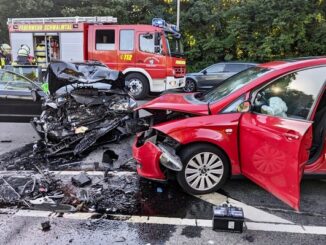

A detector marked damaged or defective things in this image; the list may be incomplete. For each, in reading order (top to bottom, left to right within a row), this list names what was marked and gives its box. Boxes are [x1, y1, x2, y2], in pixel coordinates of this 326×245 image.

crumpled hood [47, 61, 125, 94]
severely damaged car [31, 60, 137, 158]
crumpled hood [136, 92, 208, 115]
broken bumper [132, 133, 183, 181]
severely damaged car [132, 57, 326, 211]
-=-=-
**Activity**. The output is the data above, repeated exactly, with pictures omitted.

**Your solution**.
A detector marked damaged or defective things in this image; the list may be incomplete. For each, in reading order (top to bottom, left to right within a row), this list names what was marked and gives its box. Boxes are [x1, y1, x2, y2], in pixel coordinates of this 326×245 image.

crumpled hood [47, 61, 125, 94]
severely damaged car [31, 60, 137, 158]
crumpled hood [136, 92, 208, 115]
broken bumper [132, 133, 183, 181]
severely damaged car [132, 57, 326, 211]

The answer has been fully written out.